_WHAT YOU WILL DO:_ With the pictures excluded, reproduce all of the data exactly.

━━ RECORDS FOR THE EXERCISE

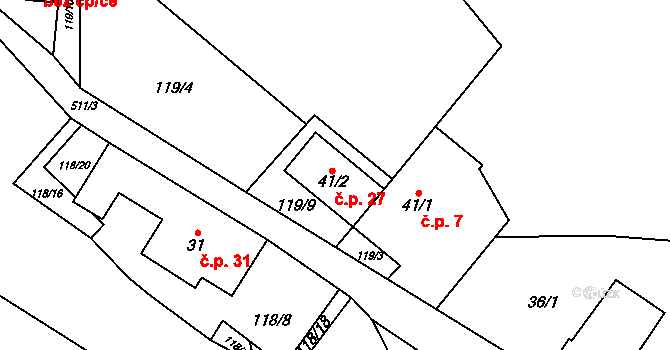 Karasín 27, Bystřice nad Pernštejnem na parcele st. 41/2 v KÚ Karasín, Katastrální mapa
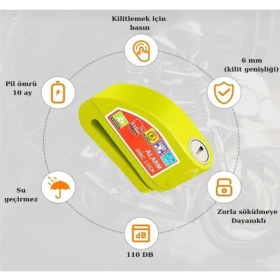 Resim Linarya Motosiklet Alarmlı Disk Kilidi Yüksek Sesli ve Hatırlatma Kablo *hediyeli* 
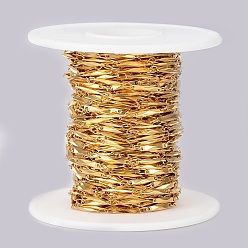 Oro Revestimiento iónico (ip) 304 cadenas de eslabones de acero inoxidable, con carrete, soldada, dorado, 11x2x1.5 mm, aproximadamente 32.8 pies (10 m) / rollo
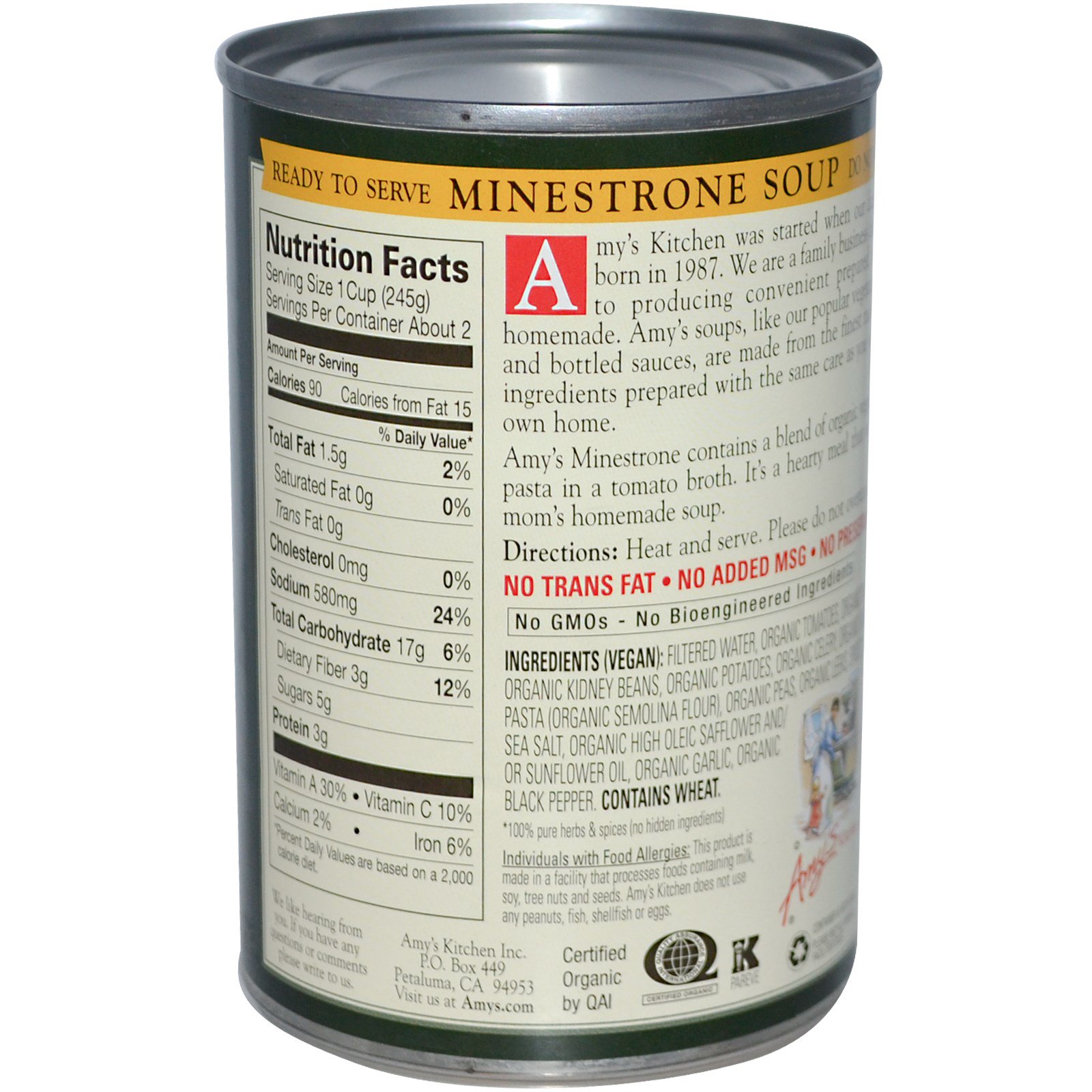 Amy's, Sopas Orgânicas, Sopa Grossa de Vegetais e Macarrão Baixo Teor de Gordura, 14.1 oz (400 g) - Imagem 2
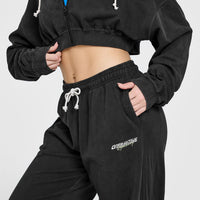 Raw Lounge Wide Leg Joggers with Graphic | Washed Black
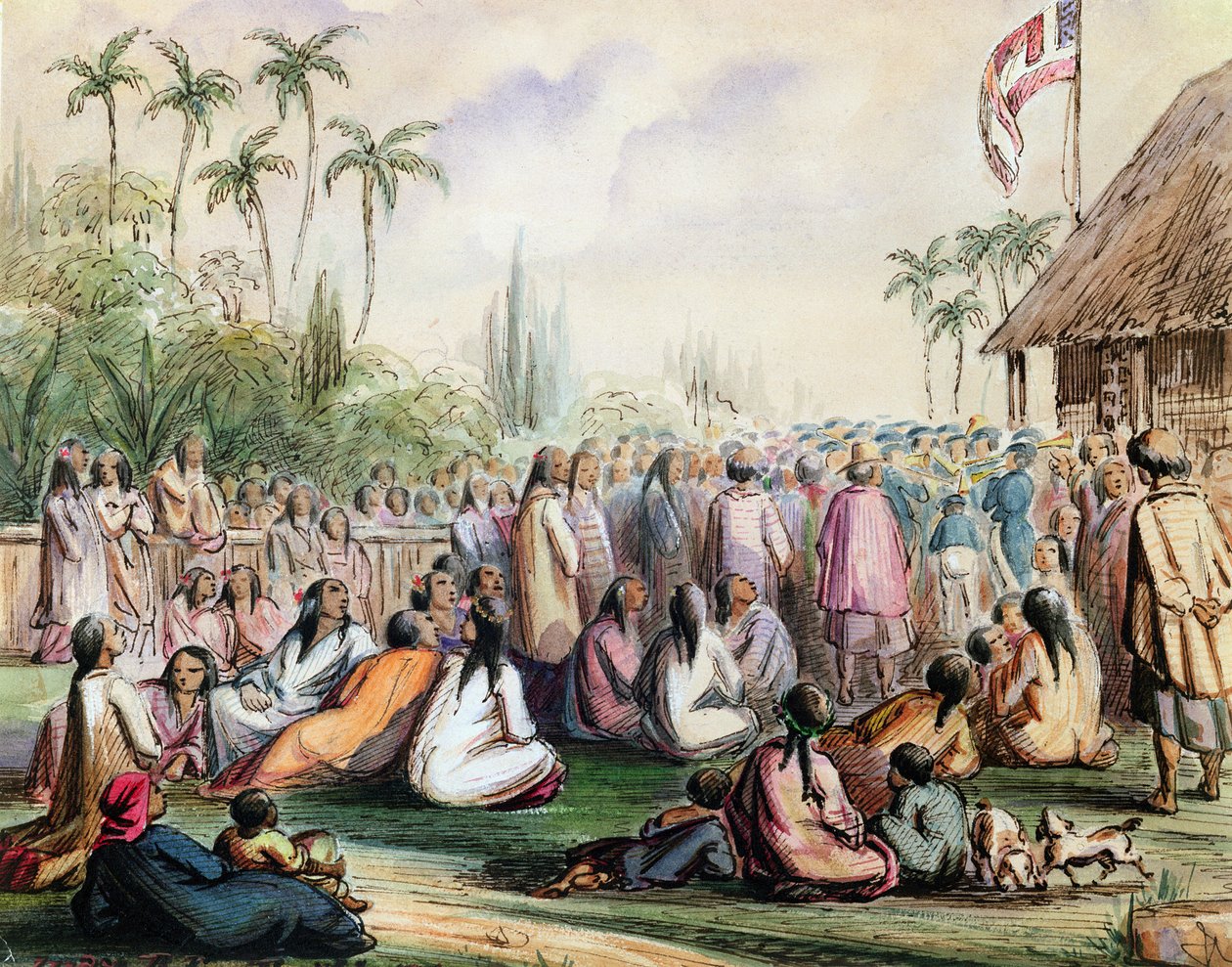 A francia protektorátus pavilonja Tahitin 1842-ben, 1842-48 körül (tinta, wc, papír) alkotó: Maximilien Radiguet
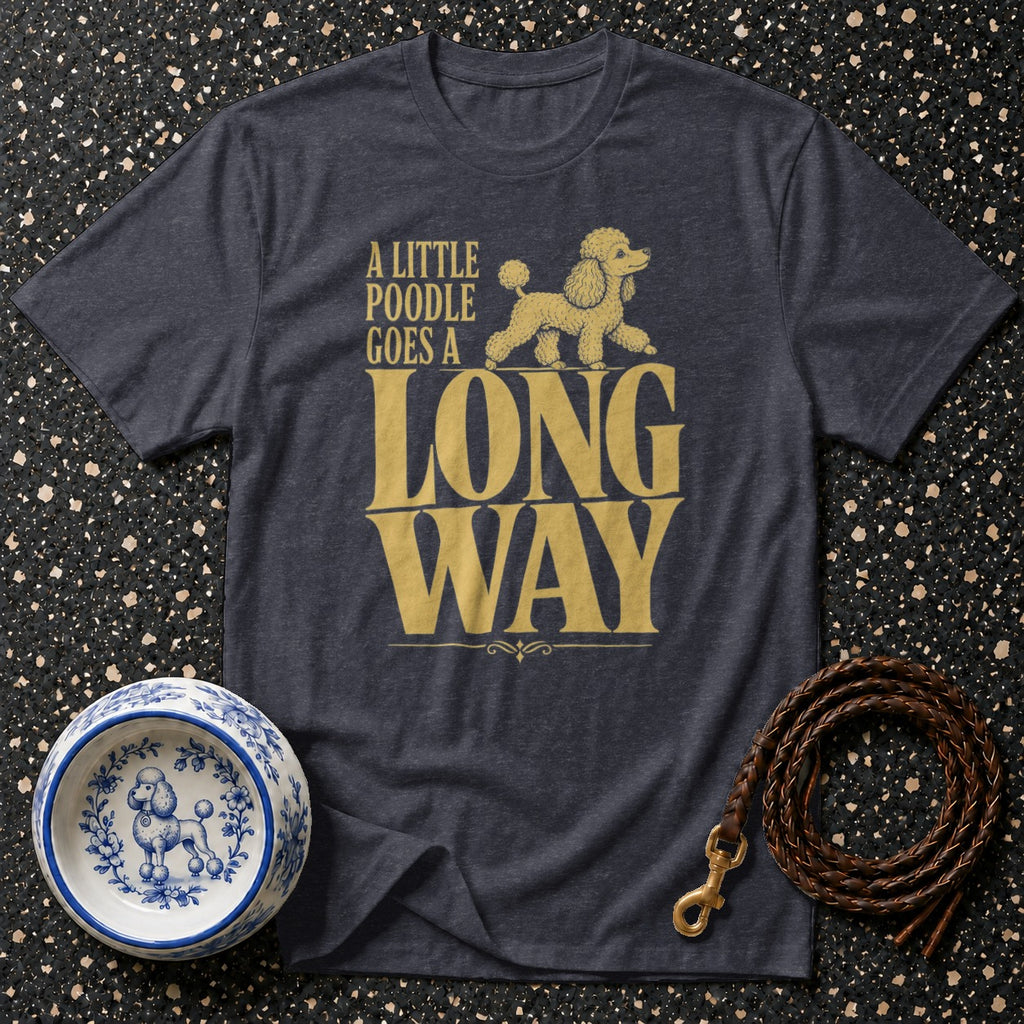 Dark grey t-shirt with gold text and poodle graphic.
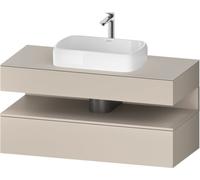 Duravit Qatego Meuble sous-lavabo sur console, 1 tiroir, 1 tiroir, découpe au centre, 1200x550x600mm, niche taupe mat, QA4732091830010, Couleur: Taupe Supermatt/avec éclairage de niche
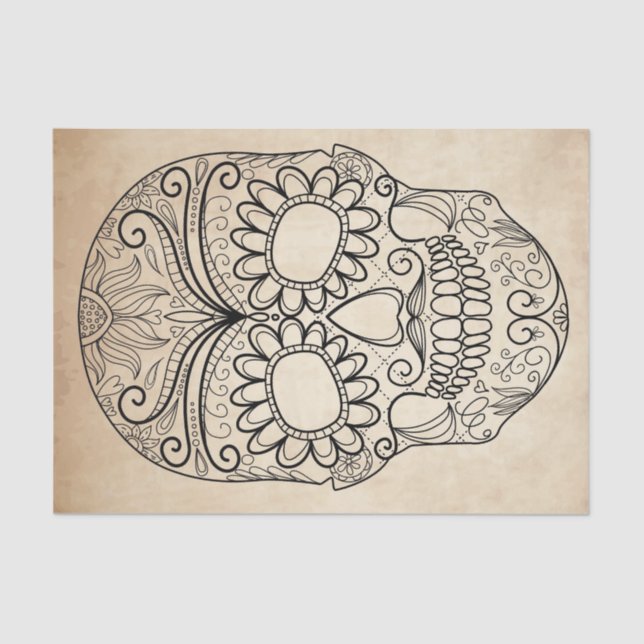 Day Of The Dead Grungy Skull Tissue Paper (Front)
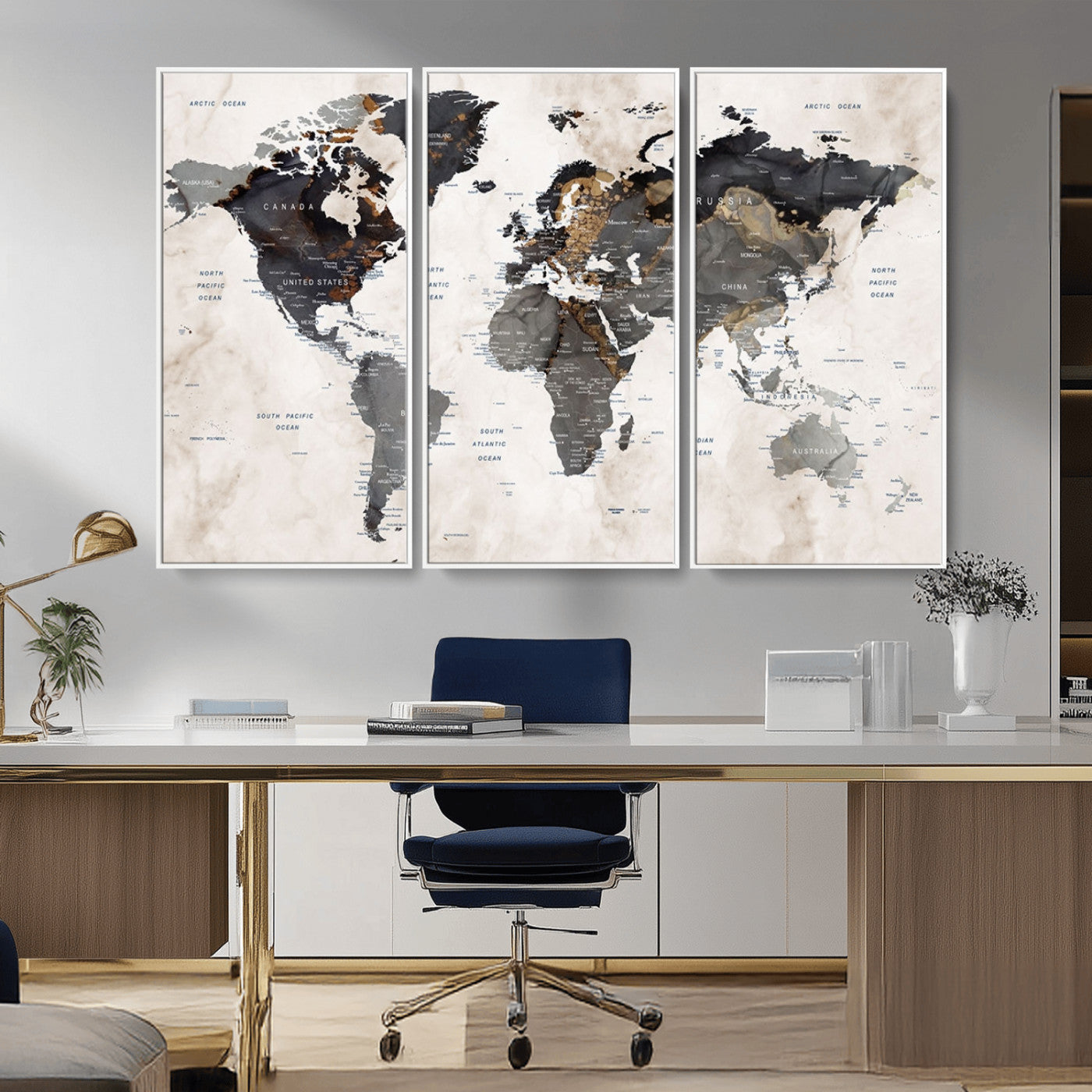 MGV-FC-48X32-3P - Push Pin World Map Canvas Print – Framed Wall Art for Couples to Track Their Travels – Anniversary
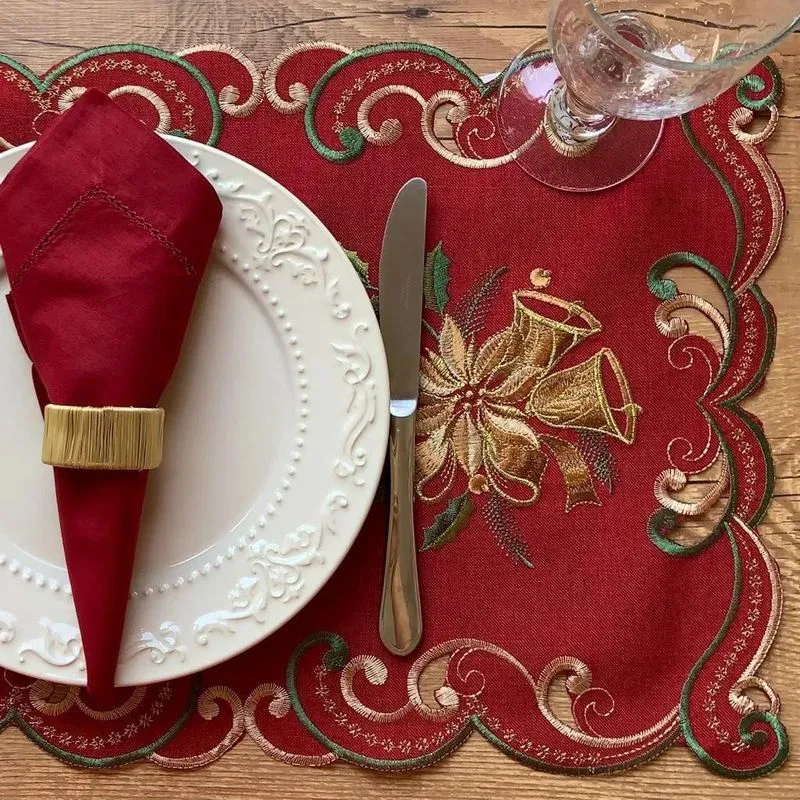 Toalha Bandeja Felicitta Natal 35x50cm Vermelho Argivai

━━━━

_RESULT OF THE EXERCISE:_
 Karasín 27, Bystřice nad Pernštejnem na parcele st. 41/2 v KÚ Karasín, Katastrální mapa
 Resim Linarya Motosiklet Alarmlı Disk Kilidi Yüksek Sesli ve Hatırlatma Kablo *hediyeli* 
 Oro Revestimiento iónico (ip) 304 cadenas de eslabones de acero inoxidable, con carrete, soldada, dorado, 11x2x1.5 mm, aproximadamente 32.8 pies (10 m) / rollo
 Amy's, Sopas Orgânicas, Sopa Grossa de Vegetais e Macarrão Baixo Teor de Gordura, 14.1 oz (400 g) - Imagem 2
 Raw Lounge Wide Leg Joggers with Graphic | Washed Black
 A francia protektorátus pavilonja Tahitin 1842-ben, 1842-48 körül (tinta, wc, papír) alkotó: Maximilien Radiguet
 Dark grey t-shirt with gold text and poodle graphic.
 Duravit Qatego Meuble sous-lavabo sur console, 1 tiroir, 1 tiroir, découpe au centre, 1200x550x600mm, niche taupe mat, QA4732091830010, Couleur: Taupe Supermatt/avec éclairage de niche
 Day Of The Dead Grungy Skull Tissue Paper (Front)
 MGV-FC-48X32-3P - Push Pin World Map Canvas Print – Framed Wall Art for Couples to Track Their Travels – Anniversary
 Toalha Bandeja Felicitta Natal 35x50cm Vermelho Argivai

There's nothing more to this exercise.